- Born: Johannes Saul 29 October 1857 Dublin, Ireland
- Died: 28 August 1904 (aged 46) Our Lady's Hospice, Harold's Cross, Ireland
- Resting place: Glasnevin Cemetery, Glasnevin, Dublin, Ireland
- Other name: Dublin Jack
- Known for: Dublin Castle scandal Cleveland Street scandal The Sins of the Cities of the Plain
- Parent(s): Guilelmus Saul Eliza Revington Saul

= John Saul (prostitute) =

Irish homosexual prostitute of the Victorian era

John Saul (29 October 1857 – 28 August 1904), also known as Jack Saul and Dublin Jack, was an Irish sex worker. He featured in two major homosexual scandals, and as a character in two works of pornographic literature of the period. Considered "notorious in Dublin and London" and "made infamous by the sensational testimony he gave in the Cleveland Street scandal", which was published in newspapers around the world, he was later the subject of scholarly analysis and speculation. One reason is the paucity of information on the lives and outlook of individual male prostitutes of the period. Saul has also come to be seen by some as a defiant individual in a society that sought to repress him: "a figure of abjection who refuses his status".

== Early life ==
Christened Johannes (John) Saul, he was born in 1857 in a Dublin tenement slum to a hackney cab driver Guilelmus (William) Saul, and Eliza Revington. He was the second child and eldest son of eventually eight children; his parents did not marry until he was six months old, possibly because Eliza was underage.

As a poor Catholic youth, Saul's opportunities were limited. At eighteen he was charged with committing an indecent offence. Giving testimony in the later Cleveland Street scandal, Saul called himself "a professional Mary-ann" – a period euphemism for rentboy, and stated: "I have lost my character and cannot get on otherwise. I occasionally do odd-jobs for different gay people."

In 1878, Saul was working as a servant in the Dublin home of wealthy and prominent young doctor John Joseph Cranny. In October that year Saul and a friend, William Clarke, were arrested for burglary and the theft of a coat, walking stick, gloves and a salt-cellar from Cranny's home. The items were not claimed by Cranny and both youths were acquitted.

Prior to the case coming to trial, Saul was briefly imprisoned, where he was recorded as being fair and blue-eyed with a fair complexion.

In 1879, he moved to London, sending home money to his mother who was very poor.

==Scandals==
=== Dublin Castle scandal ===

In 1884, Irish nationalists alleged homosexual orgies among the staff at Dublin Castle, the seat of the British government's administration in Ireland until 1922. Amongst those charged with conspiracy to commit gross indecency was Martin Oranmore Kirwan (1847-1904), a captain in the Royal Irish Fusiliers who was the son of a County Galway Anglo-Irish landlord.

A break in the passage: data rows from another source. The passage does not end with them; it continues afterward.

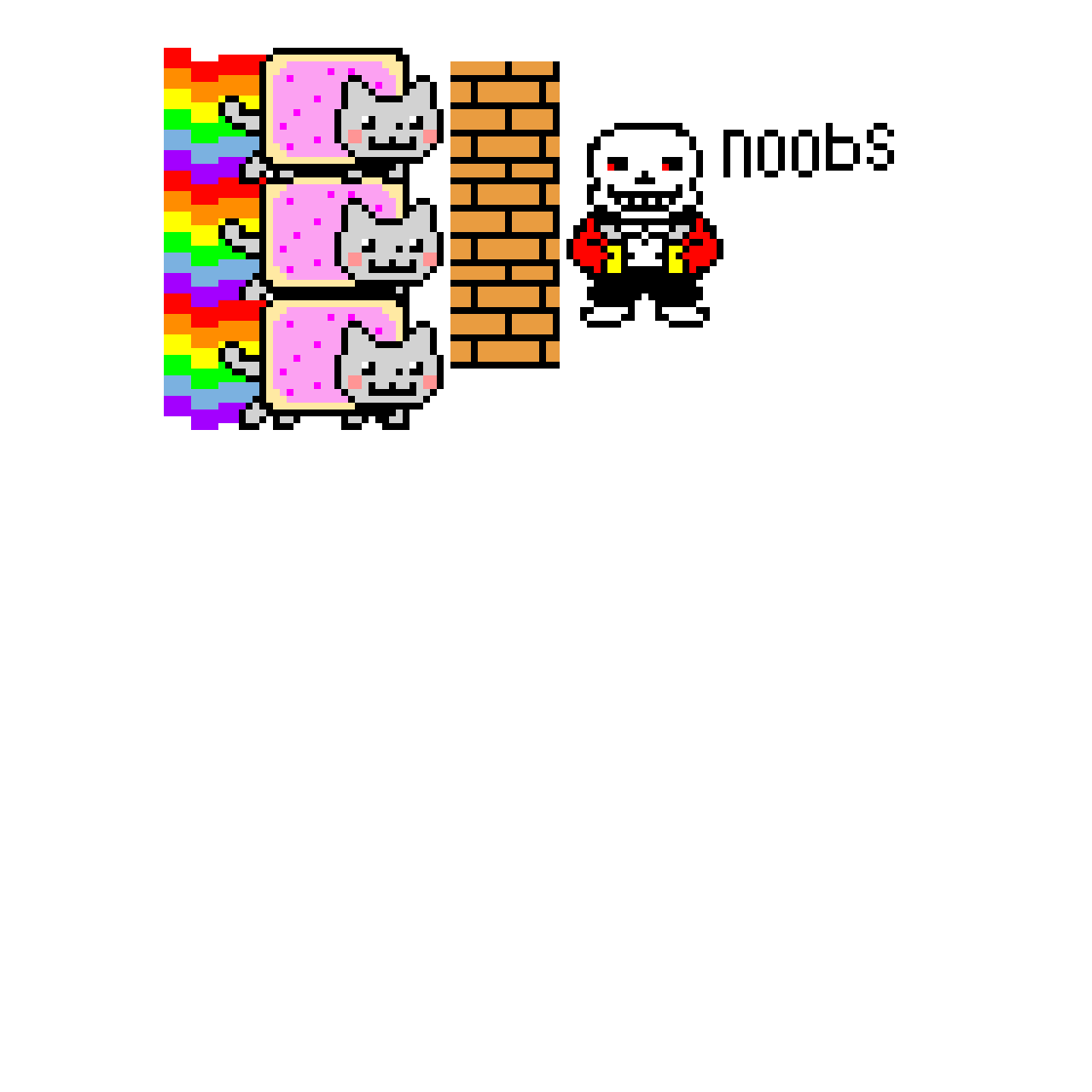 nyan vs sans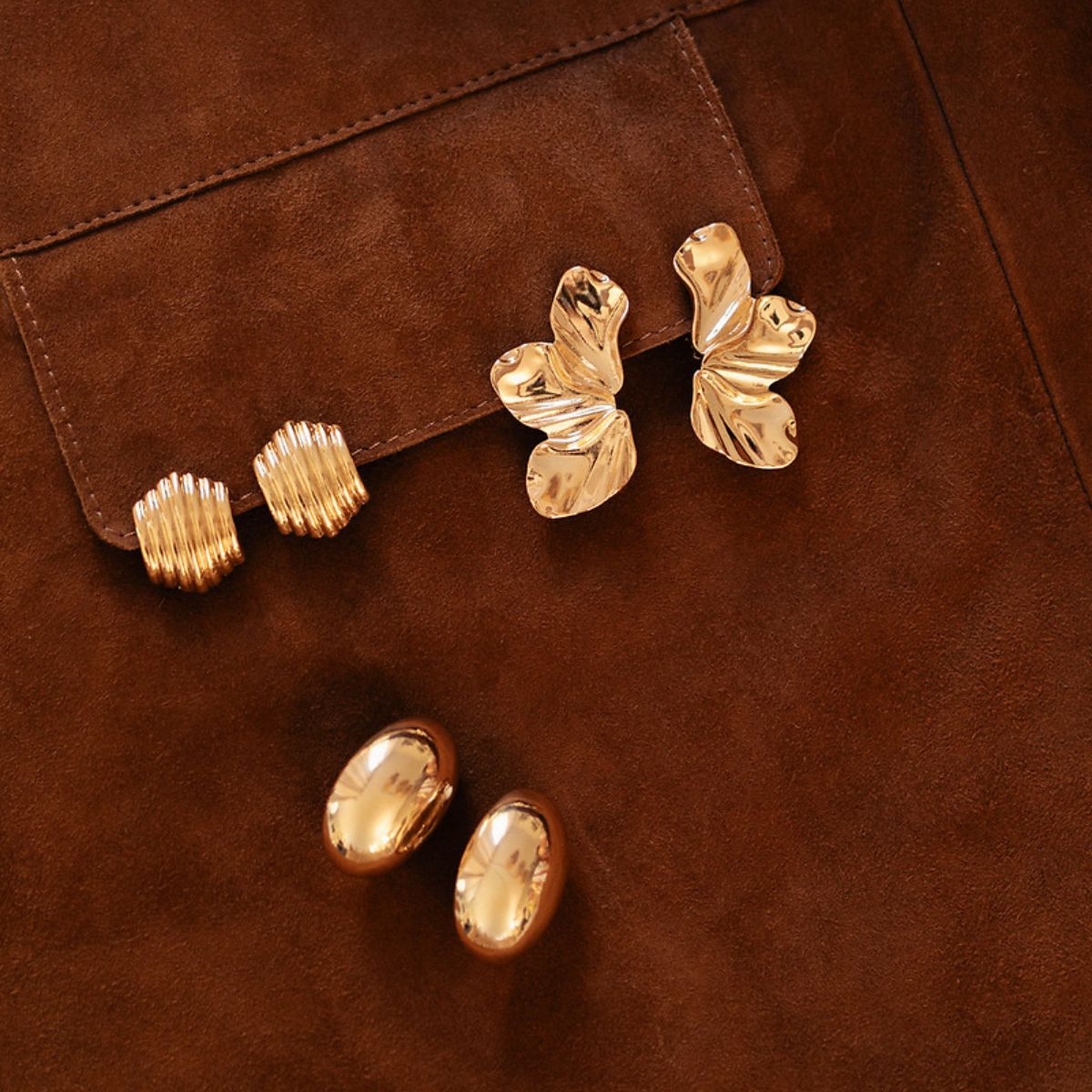 Boucles d'oreilles carrées à clips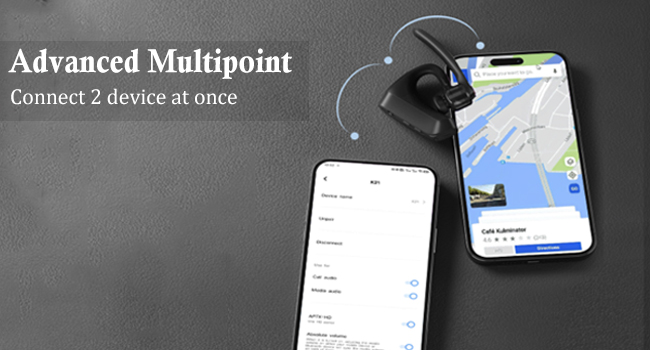 Advanced Multipoint bluetooth headset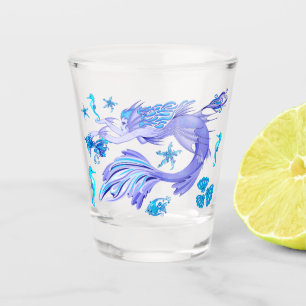 Mystic Mermaid Fairy Purple Creature Shot Glass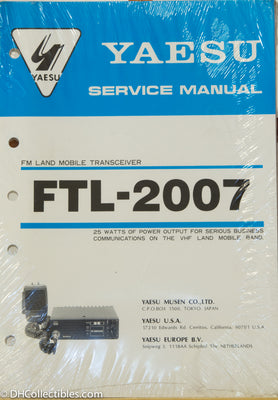 Yaesu FTL-2007 VHF Radio Service Manual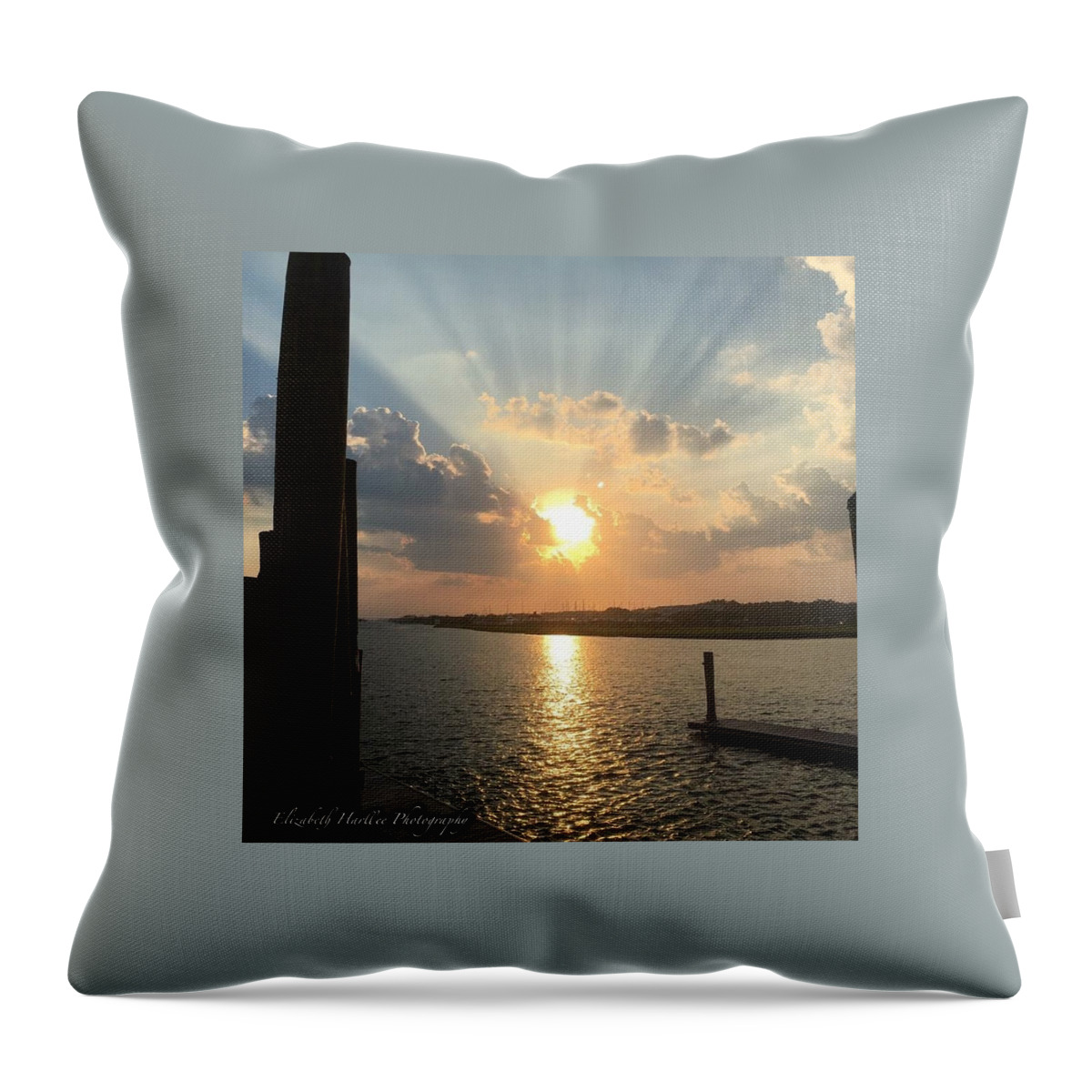  Throw Pillow featuring the photograph Days End #1 by Elizabeth Harllee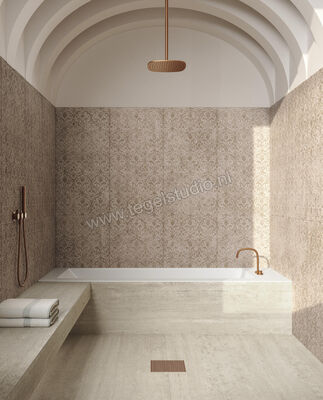  Del Conca Deco Studio Damascus 60x120 cm Wandtegel Dekor Mat Vlak Naturale GCDSDAMASCR | 411480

When Kirwan was a young lieutenant in the Dublin Militia, Saul had been one of his sexual partners. In 1884, Saul was interviewed by the police, and together with a John Daly who had also been frequently mentioned in the case, was brought from London to Ireland to be a Crown witness. Saul was never called to give testimony – a matter which is still cause for speculation. Saul later stated on the witness stand that he was told that it wasn't because of his disreputable character that his testimony wasn't used, but because his evidence was too old, relating to events of a considerably earlier date. His record of interview was destroyed in the Irish Civil War. Kirwan was acquitted on the grounds that the Crown did not produce sufficient evidence, but he resigned his commission.

===At Drury Lane===
In 1889, before news of the Cleveland Street scandal, Saul was briefly employed at Drury Lane Theatre in The Royal Oak, a five-act romantic drama spectacle based on the concealment of Charles II in the Boscobel Oak after the Battle of Worcester, that opened in September of that year. Whether he worked behind the scenes or appeared on-stage in one of its tableaus is unknown: his name does not appear in the speaking-parts cast list. However, it was during the time Alexander Meyrick Broadley, aka 'Broadley Pasha', who was implicated in the Cleveland Street Scandal, was acting as a financial and business adviser to the manager of the theatre Augustus Harris.

=== Cleveland Street scandal ===
After living at a succession of addresses in London, in 1887 Saul had moved into a male brothel at 19 Cleveland Street run by fellow prostitute Charles Hammond, with whom he had previously lived. Saul was one of several professionals working there, but telegraph boys were also recruited for part-time work. In 1889, when one of the boys was questioned at the General Post Office regarding how he obtained a sum of money in his possession, the Cleveland Street scandal broke, creating news stories around the globe. The first trial that resulted was a libel action by Lord Euston, heir to the Duke of Grafton, against Ernest Parke, editor of the North London Press. Parke had alleged Euston had been a visitor to the male brothel at the centre of the scandal. It came to court in January 1890, and Saul was called as a witness for the defence.

Saul delivered his testimony in a manner described in one newspaper report as "brazen effrontery that reduced the court to shocked silence" and detailed his sexual encounter with Euston in the brothel in explicit language that shocked the court. He was also sharp, witty, and defiant. The line of questioning and his responses included:

"And were you hunted out by the police?" – "No, they have never interfered. They have always been kind to me."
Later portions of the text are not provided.